Por algún sitio lo dejó consignado Oscar Wilde: "la educación en Inglaterra no sirve para nada y menos mal porque, de lo contrario, sufriríamos desórdenes públicos permanentes en el centro de Londres".

Ahí quieren llegar nuestros actuales gobernantes. Y les asiste toda la razón. No hay más que seguir las comparecencias de la máxima responsable, una destacada señora ministra conocida por manejar formas embrionarias de la oratoria.

Por ellas, quiero decir, por sus rudimentarias explicaciones, tomamos nota de que hoy procede la clase presencial, mañana no; hoy no habrá exámenes, mañana sí pero poco, exámenes cortitos, con chuletas, que desgasten lo justo; se organizará la selectividad pero que nadie se alborote, será poco selecta?; el tercer trimestre puntúa, el tercer trimestre no puntúa; el paso de curso será generalizado o a lo mejor particularizado; se podrá elegir colegio o quizás no; suprimiremos la concertada pero solo un rato; daremos religión o preferiremos idólatras?
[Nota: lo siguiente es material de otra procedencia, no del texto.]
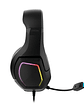 KROM KOPA AURICULARES GAMING 7.1 VIRTUAL NEGRO - Miniatura 2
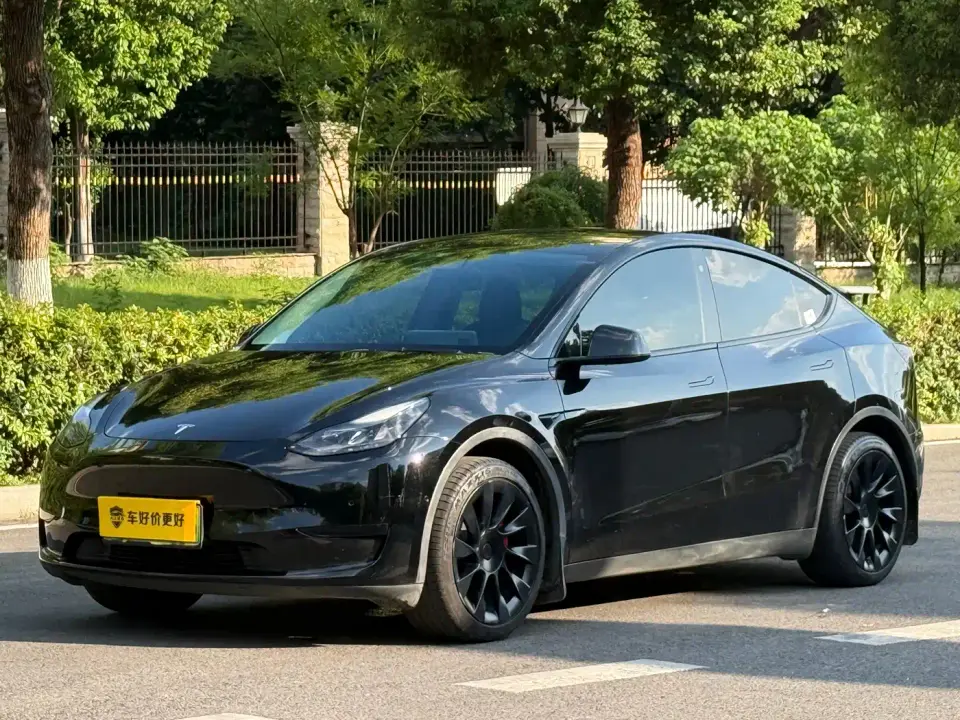 Tesla Model Y Rear-Wheel Drive Version 2022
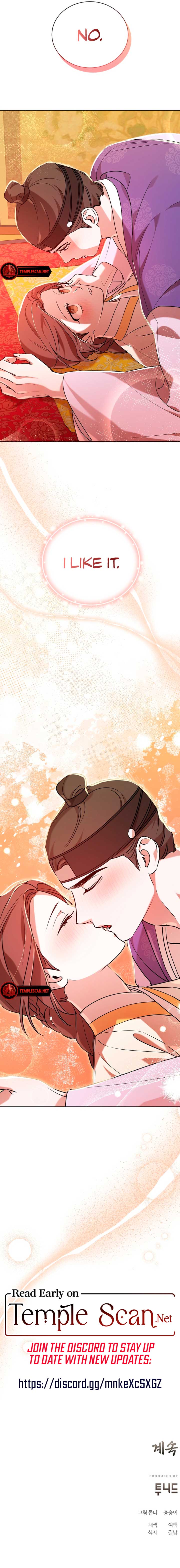 Joseon Dynasty Erotica Records Chapter 19 43 8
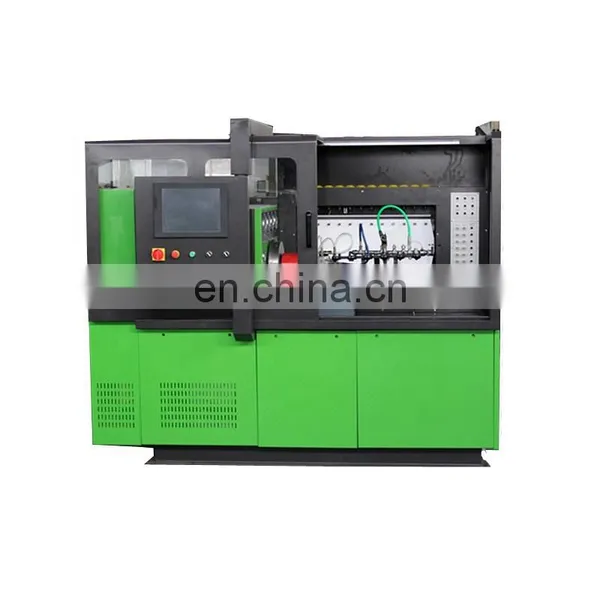 Precision Measurement CRS815/825 Common Rail Injector and 12 Cylinder Fuel Injection Pump Test Bench photo-2
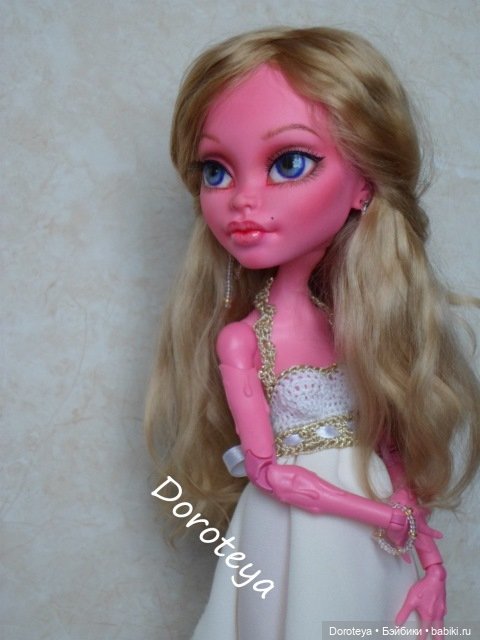 Гуллиопа Джеллингтон, Gooliope Jellington от Monster High - ну чем не кинодива (фото 6)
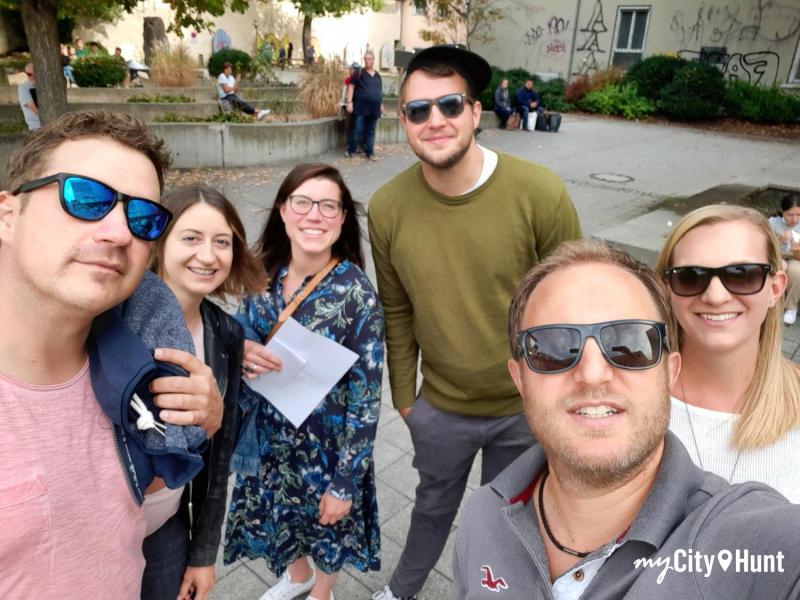 myCityHunt Tour a Piedi 15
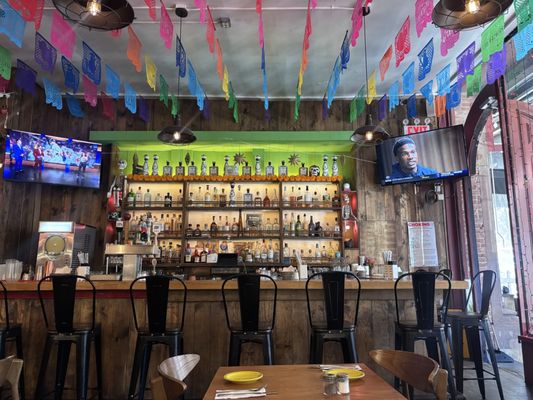 Nina’s Great Burrito Bar by null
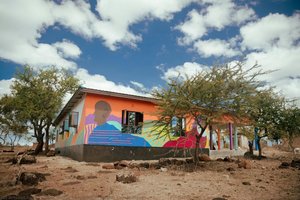 Community Center Cum Museum — Vibhor Yadav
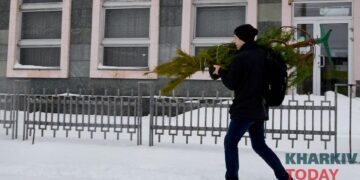 Сніжне свято. Якою буде погода в Харкові та області на Новий рік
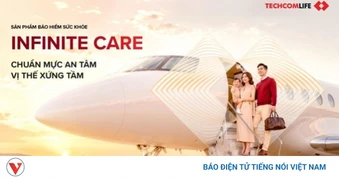 Techcom Life và cách tiếp cận mới cho bài toán bảo vệ sức khỏe của người Việt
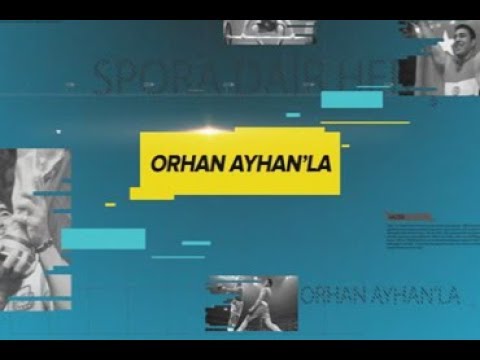 Orhan Ayhan'la - Ogün Altıparmak - Aydın Yelken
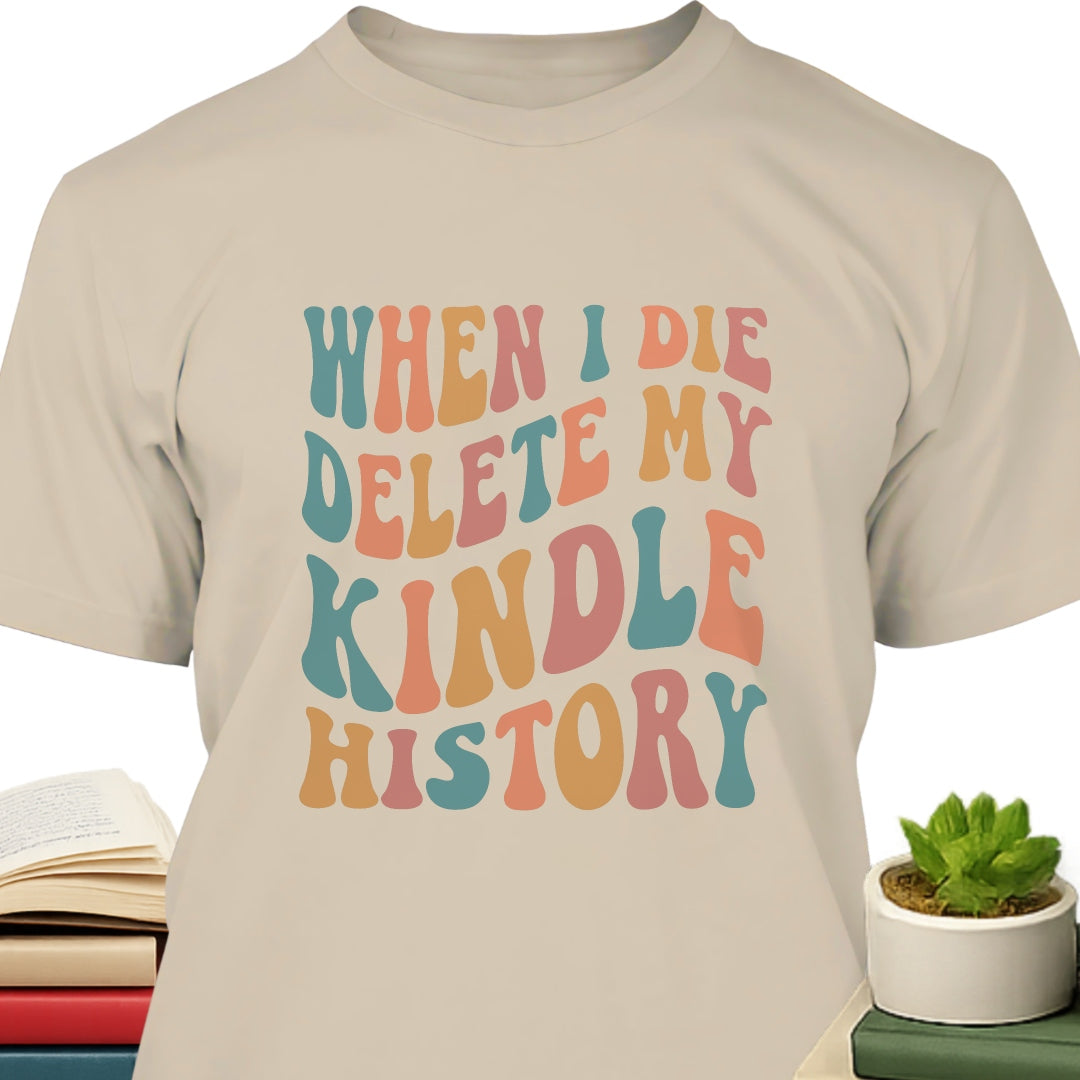 Kindle History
A alguien, a algún espíritu crítico hacia ella, le puede parecer todo esto un tiovivo de incongruencias, a mí me parece la estrategia más adecuada para alcanzar el fin que propongo: la "desescuela". Por eso la defiendo.

Aprendamos a buscar de una vez la nobleza moral de la ignorancia y la filosófica sobriedad de la incultura. Es obligación nuestra encontrarlas removiendo entre saberes y silencios.
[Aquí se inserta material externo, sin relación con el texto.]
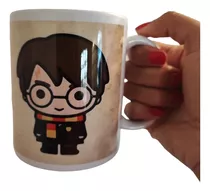 Taza De Cerámica 325 Ml Diseño Harry Potter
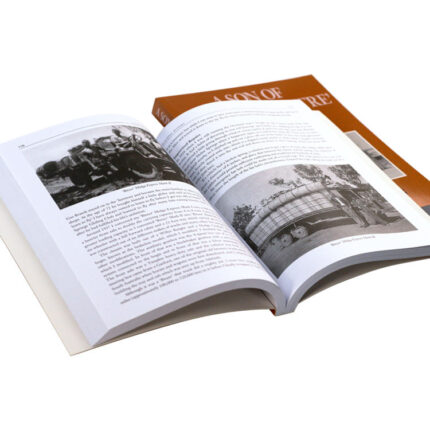 High Quality Published Books and Product Catalog Environmentally Friendly Inks for Paper & Paperboard Printing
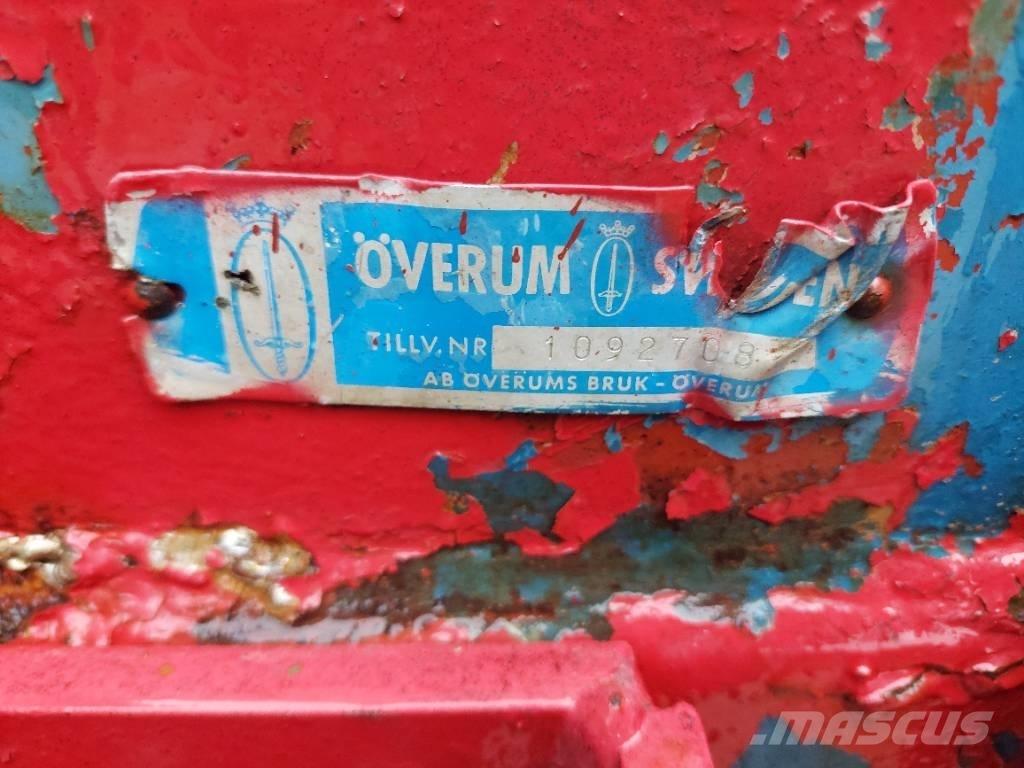 Överum sarkaaurat Aratri convenzionali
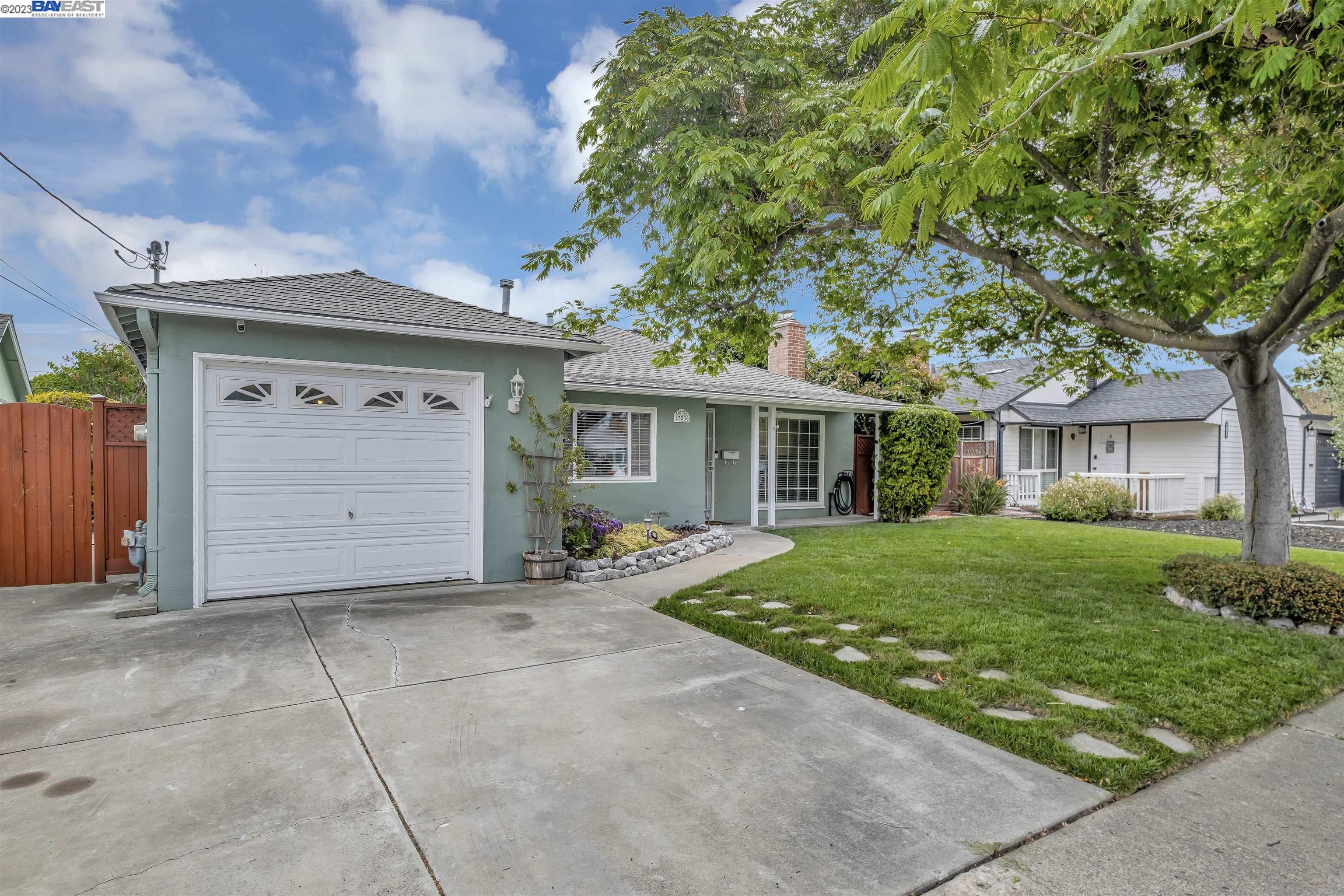 For Sale 17236 Via Estrella, San Lorenzo, CA 94580 3 Beds / 2 Full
Hablamos mucho -y con solidez en ocasiones- acerca de la contaminación, del cambio climático, esas estrellas del vistoso firmamento de nuestros afanes colectivos, pero nos olvidamos, ay, de la contaminación que produce la enseñanza, criadero donde florece la planta de la pedantería. Y a esta, a la pedantería, a la impertinencia de quien se las da de sabihondo porque ha ido a la escuela, procede aplicarle sin misericordia el hierro candente de nuestro desdén.

"Desescuelar" es restablecer el orden eterno de la Naturaleza, es desterrar la arrogancia de quien frecuenta los libros, es impedir el tránsito por un despeñadero que, en un descuido, nos hunde en el despropósito de pretender votar sin prejuicios sectarios en las elecciones. ¡Y hasta ahí podíamos llegar!